◆ Try it
There are pictures in the records below; leave them out and set down exactly the lines from the one holding "File photo dated" through the one holding "sport, soccer and".

Top of Data supplied

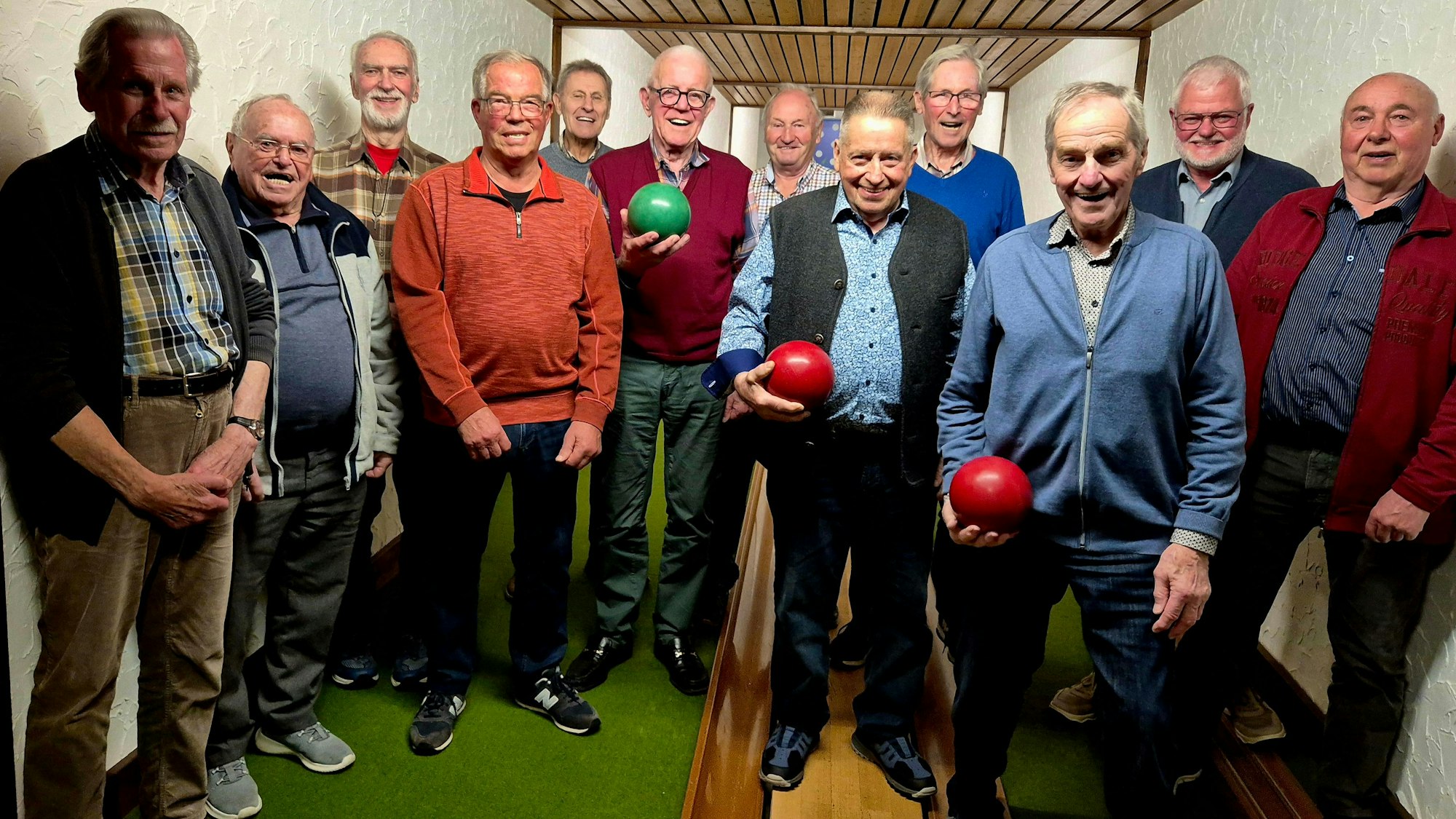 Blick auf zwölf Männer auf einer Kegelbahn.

Bottom of Data supplied
Top of Data supplied

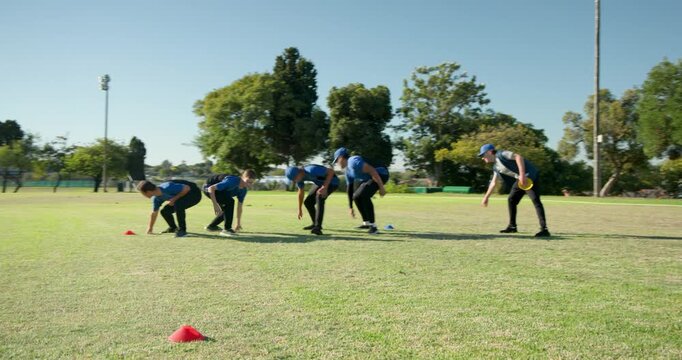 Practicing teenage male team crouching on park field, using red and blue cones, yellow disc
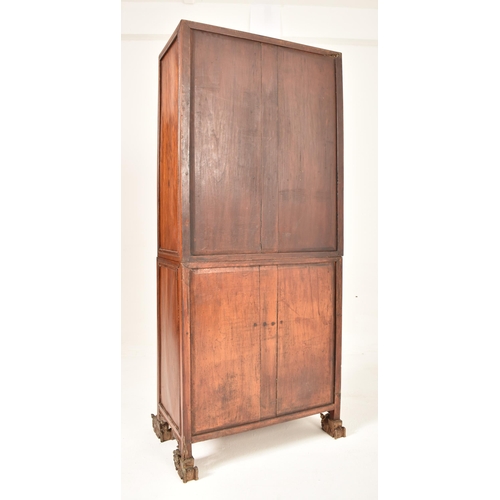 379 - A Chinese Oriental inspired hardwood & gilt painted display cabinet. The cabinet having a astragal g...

Bottom of Data supplied
Top of Data supplied

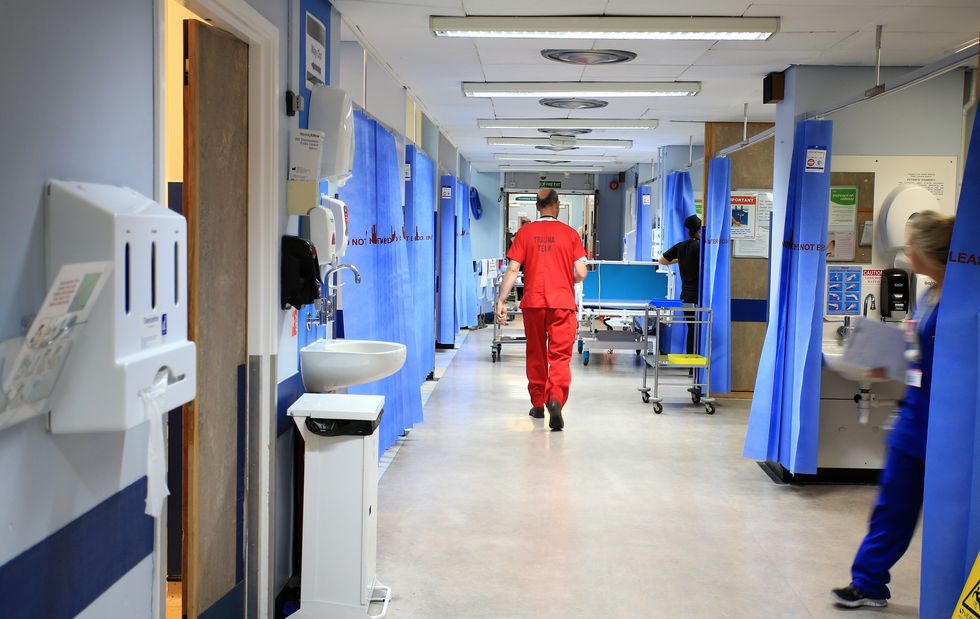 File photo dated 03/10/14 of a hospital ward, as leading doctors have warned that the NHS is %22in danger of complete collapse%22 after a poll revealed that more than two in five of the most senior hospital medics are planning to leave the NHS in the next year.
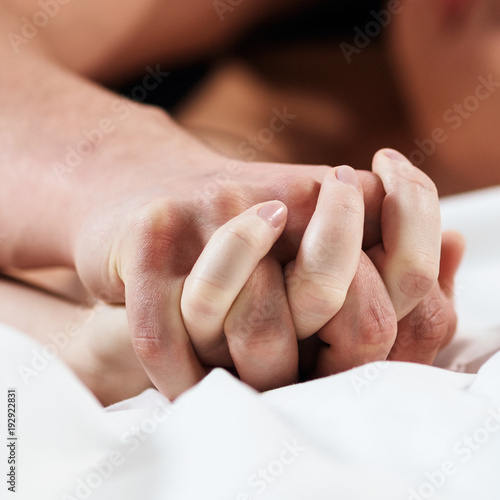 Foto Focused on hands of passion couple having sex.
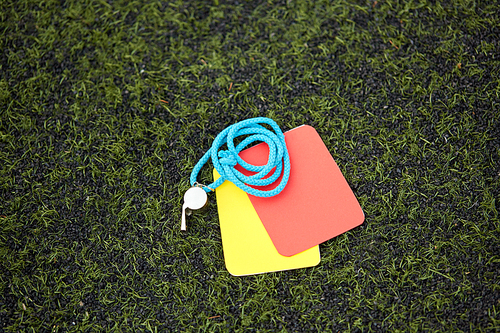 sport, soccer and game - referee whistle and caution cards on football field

Bottom of Data supplied

◆ Solution to this task
 File photo dated 03/10/14 of a hospital ward, as leading doctors have warned that the NHS is %22in danger of complete collapse%22 after a poll revealed that more than two in five of the most senior hospital medics are planning to leave the NHS in the next year.
 Foto Focused on hands of passion couple having sex.
 sport, soccer and game - referee whistle and caution cards on football field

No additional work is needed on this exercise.